Stalling a processor for a short while has negligible effect on performance provided the duration of the stall is small. Once the processor is in the loop - and I hope that’s what you mean by “lock acquisition” - other processors are prevented from entering the critical section, but that’s the same with any other control construct.

The act of looping with interrupts disabled may put pressure on the frontside bus, but there are lowest-level OS-independent methods to handle that: test-and-test-and-set, and a locked acquisition of the spinlock using an extra variable, as Anton already explained and as the author of that paper suggested. And may I remind you that a barebones spinlock is subarchitectural to the OS and hence the very same piece of code will work just as well under Linux, Solaris or MacOS. In my case at least, using that kind of construct saves code, and hence money!

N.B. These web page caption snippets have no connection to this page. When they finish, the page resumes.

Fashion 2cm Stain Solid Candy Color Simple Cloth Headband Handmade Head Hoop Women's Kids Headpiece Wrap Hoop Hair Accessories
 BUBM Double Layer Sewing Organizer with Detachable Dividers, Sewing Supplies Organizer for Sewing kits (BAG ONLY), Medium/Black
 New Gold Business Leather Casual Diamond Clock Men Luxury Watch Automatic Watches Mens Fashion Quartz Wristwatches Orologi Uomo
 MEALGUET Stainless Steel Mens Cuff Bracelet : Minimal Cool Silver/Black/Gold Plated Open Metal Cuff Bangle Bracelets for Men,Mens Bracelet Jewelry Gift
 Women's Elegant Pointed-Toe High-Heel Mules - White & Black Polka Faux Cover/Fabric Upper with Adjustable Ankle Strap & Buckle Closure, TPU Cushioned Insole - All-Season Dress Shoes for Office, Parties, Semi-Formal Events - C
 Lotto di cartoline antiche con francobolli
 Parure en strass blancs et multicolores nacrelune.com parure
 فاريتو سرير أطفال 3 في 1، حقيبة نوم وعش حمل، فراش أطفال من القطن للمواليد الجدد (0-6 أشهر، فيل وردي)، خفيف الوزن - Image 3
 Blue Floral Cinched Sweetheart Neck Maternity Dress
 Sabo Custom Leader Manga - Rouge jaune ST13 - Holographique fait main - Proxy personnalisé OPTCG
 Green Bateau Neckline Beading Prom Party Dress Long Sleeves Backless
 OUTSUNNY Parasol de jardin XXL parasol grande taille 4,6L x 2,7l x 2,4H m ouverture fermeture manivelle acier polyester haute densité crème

I do not see what kind of global management operations would be affected if a processor is stalled for a brief moment. The tlb is inside the processor, and an access is an access, looping or not looping that memory location is going to end up in the tlb. Looping on the memory location will not add any entries to the tlb, and if interrupts are disabled, there’s not going to be any other activity affecting the tlb anyway.

The only thing in a spinlock that can affect other processors, again, is the issue of hogging the bus with locked read-write cycles. This is addressed by test-and-test-and-set spinlocks, and by the spinlock acquisition technique shown by Anton in his recent post. Both techniques operate within that one processor, and they alleviate pressure on the frontside bus. Still, note that even with a regular test-and-set spinlock, if critical sections are short enough, the potential flood of locked read-write cycles on the frontside bus will be so short that in the end there may not be much difference between test-and-set and test-and-test-and-set spinlocks - and that maybe explains what that guy found in that spinlock paper.

I don’t know about 20 years ago, but 40 years ago when I was a rookie we had the Exec 8 operating system, designed to operate on the Univac 1108, which had three central processors and two peripheral processors. Lowest level test-and-set spinlocks were widely used to protect critical sections at processor level, and it worked marvellously. They don’t make them like that anymore!

But if you think a bare spinlock slows down the whole system, hey, follow the lead of that paper writer: write a few programs, run them, measure performance in a comprehensive way, and publish. Inquiring minds want to know, and they’re going to be glad you did the legwork!

Alberto.

----- Original Message -----
From: Mark Roddy
To: Windows System Software Devs Interest List
Sent: Saturday, December 29, 2007 8:38 AM
Subject: Re: [ntdev] Are callbacks guaranteed to run consecutively?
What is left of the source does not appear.